Abstract
Lynch syndrome (LS) is a genetic cancer syndrome that puts affected individuals at a significantly higher risk of developing multiple cancers. Participants (n = 57) were recruited through social media. Data were collected through online surveys and phone interviews; the interview data (n = 55) were analyzed to identify provider terminations and the factors that motivated these decisions. Results indicate that individuals with LS terminated their patient–provider relationships due to lack of provider LS knowledge, poor interactions, or a combination of both factors. Findings from this study suggest a need for better interactions between LS patients and providers and increased knowledge of LS-specific care.
Keywords
Introduction
Lynch syndrome (LS) is a genetic cancer syndrome that puts individuals at a considerably elevated risk of developing multiple cancers. While colorectal cancer is the most common for individuals with LS (30%-54% for women and 74%-82% for men), there also is an increased risk of stomach, small intestine, hepatobiliary tract, urinary tract, skin, brain, and pancreatic cancers (1,2). Women with LS have an elevated risk of gynecologic cancers, with a 40% to 60% lifetime risk of endometrial cancer and 10% to 15% risk of ovarian cancer (1,2).

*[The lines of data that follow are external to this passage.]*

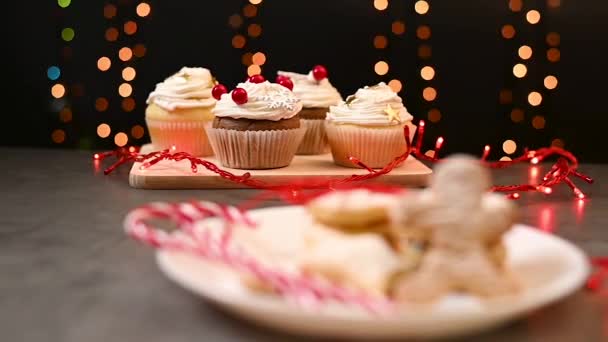 伝統的なおいしいクリスマスの家のテーブルはお菓子を提供しました クリスマステスティーカップケーキジンジャーブレッドクッキーの後ろのクリーム — ストック動画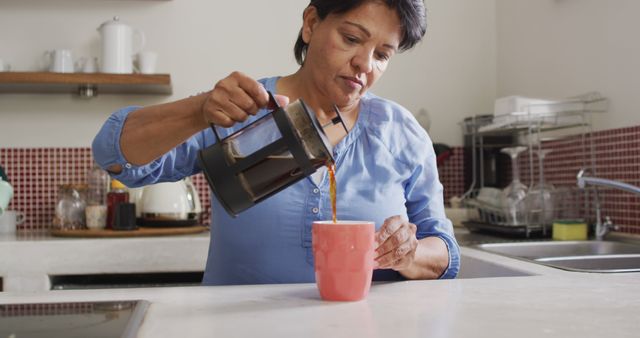 Asian senior woman pouring coffee in her cup in the kitchen at home. retirement lifestyle and living concept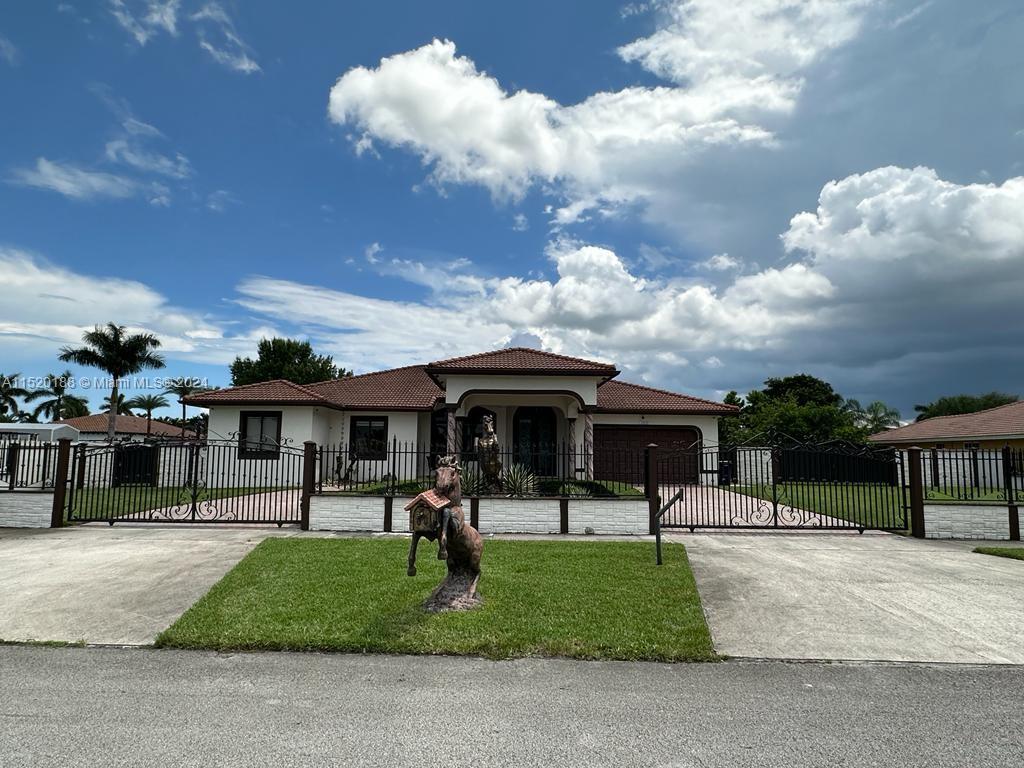 a front view of a house with garden and plants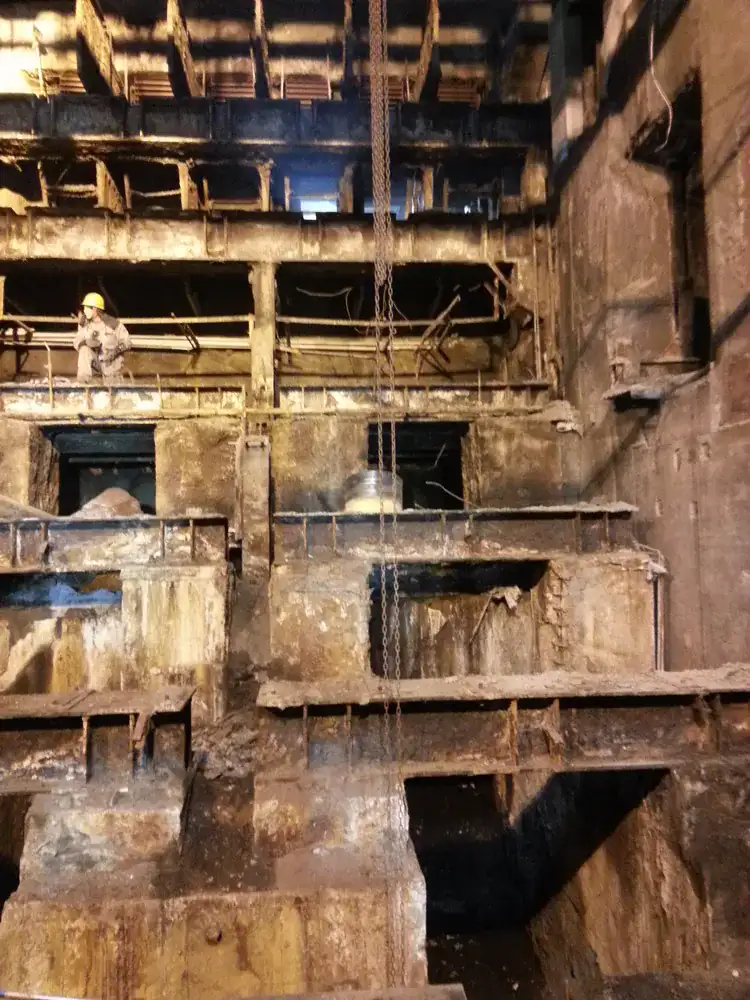 Weathered industrial steel structure before anti-corrosion coating renovation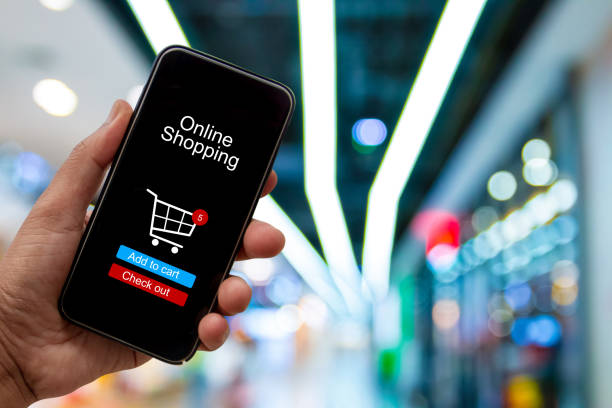 istock Person using smartphone buying and making a payment digitally via application on blur shopping mall background - internet online home shopping concept 1163668659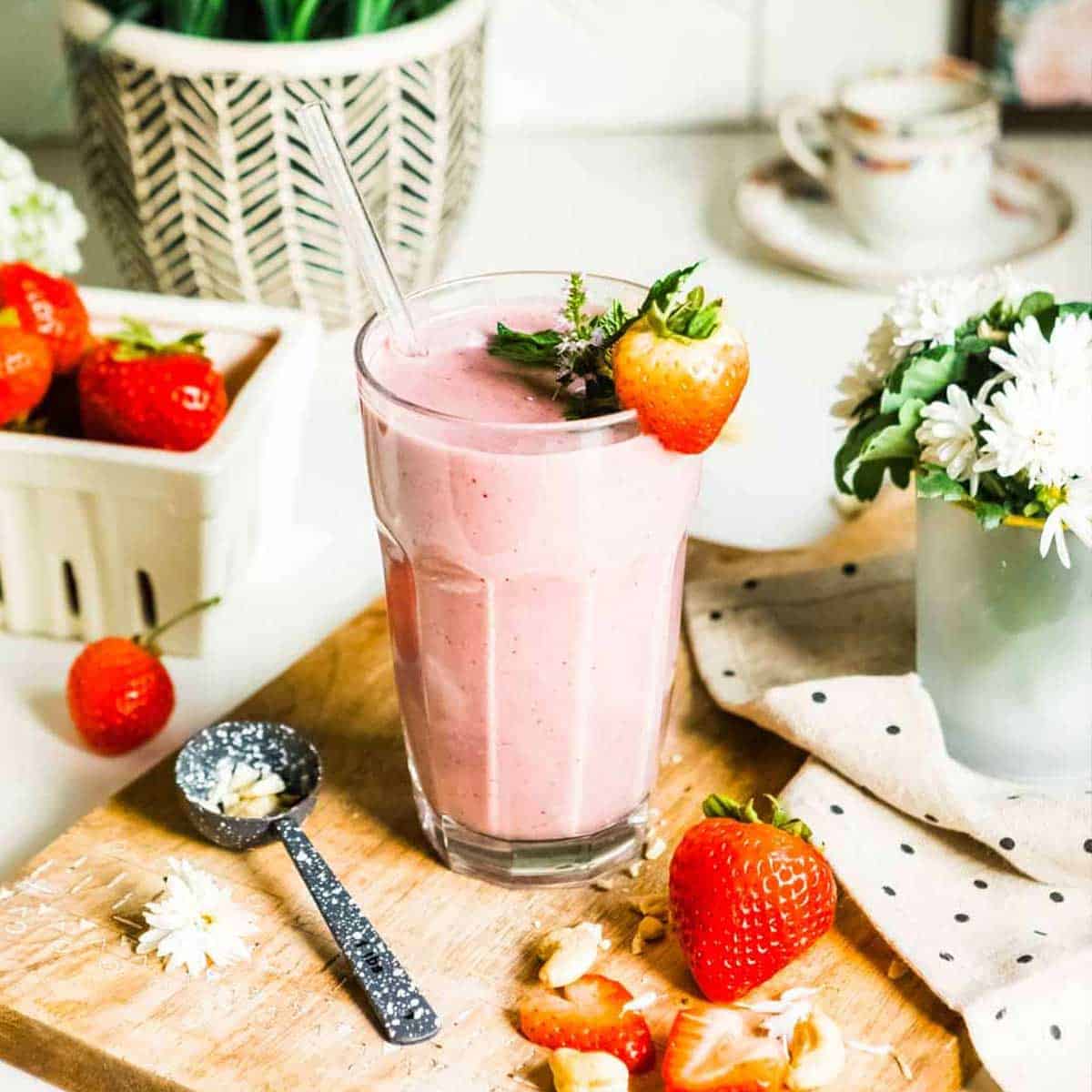 strawberry smoothie in glass with fresh strawberry as garnish.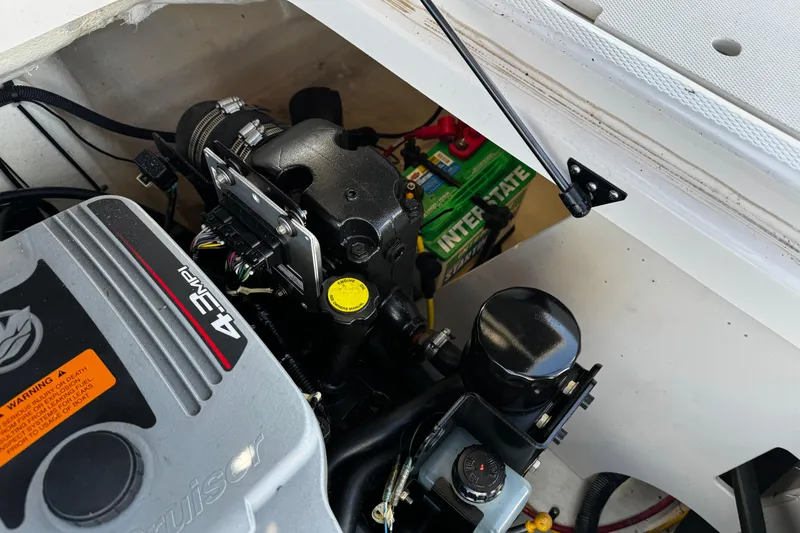 Slide: The Image of Engine compartment of 2016 Chaparral 21 H2O Sport with Interstate battery and 4.3 MPI engine. - 26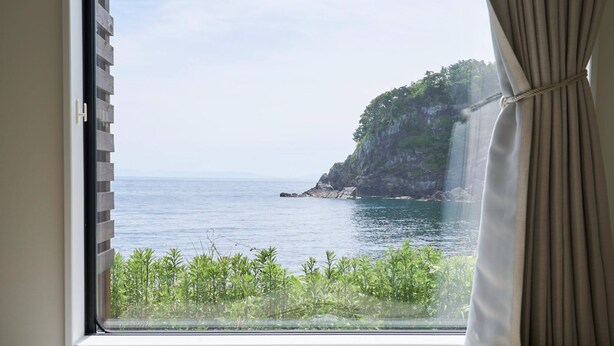 Una ventana con vistas a un paisaje costero, que incluye un acantilado y el mar.
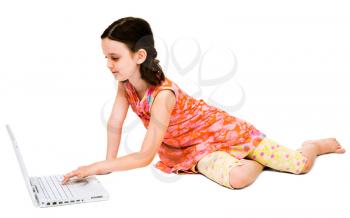 Girl using a laptop and posing isolated over white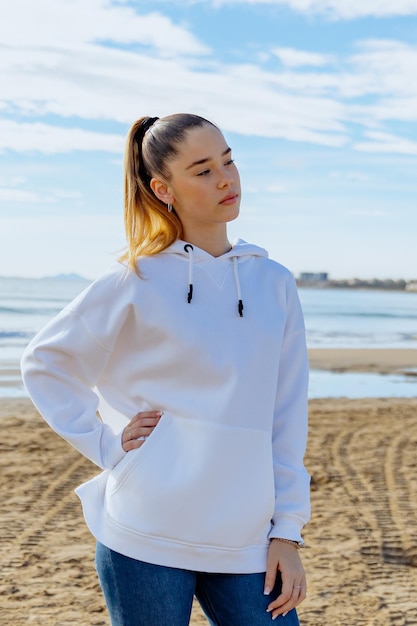 Portrait of a young pretty girl against the background of the sea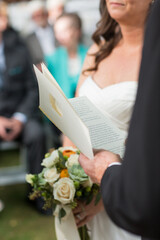 Obraz na płótnie Canvas close up of officiant vow book during wedding ceremony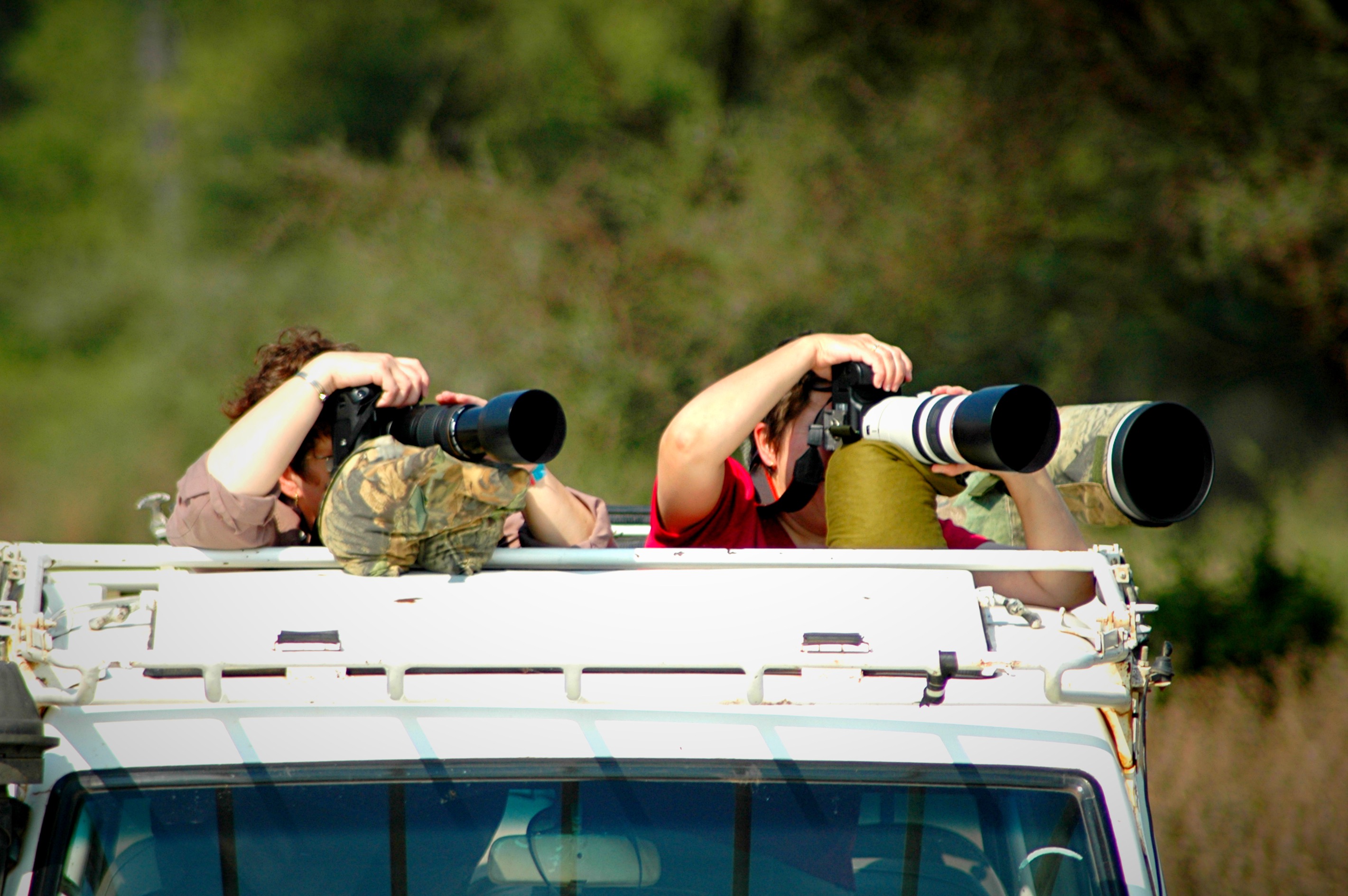 Camera with telephoto lens on a bean bag mount in a luxury safari vehicle in Tanzania ready for wildlife photography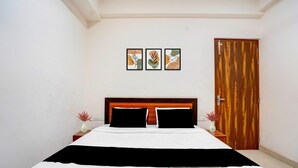 A bedroom with a wooden headboard, a bed with white bedding, two nightstands with vases, and a wooden door. - Classic The Urban (Noida)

After an individual is diagnosed through genetic testing indicating mutations in DNA mismatch repair genes (MLH1, MSH2, MSH6, and PMS2 as well as an EPCAM deletion), recommended screenings include annual or biennial colonoscopies starting around 20 to 25 years old and annual gynecologic screenings (1,3). Adherence is critical, but compliance has been less than ideal, particularly for gynecologic screenings (4). These screenings are invasive and can be uncomfortable; the complexity of screening and surveillance protocols, and the high patient burden places a high importance on these patient–provider relationships.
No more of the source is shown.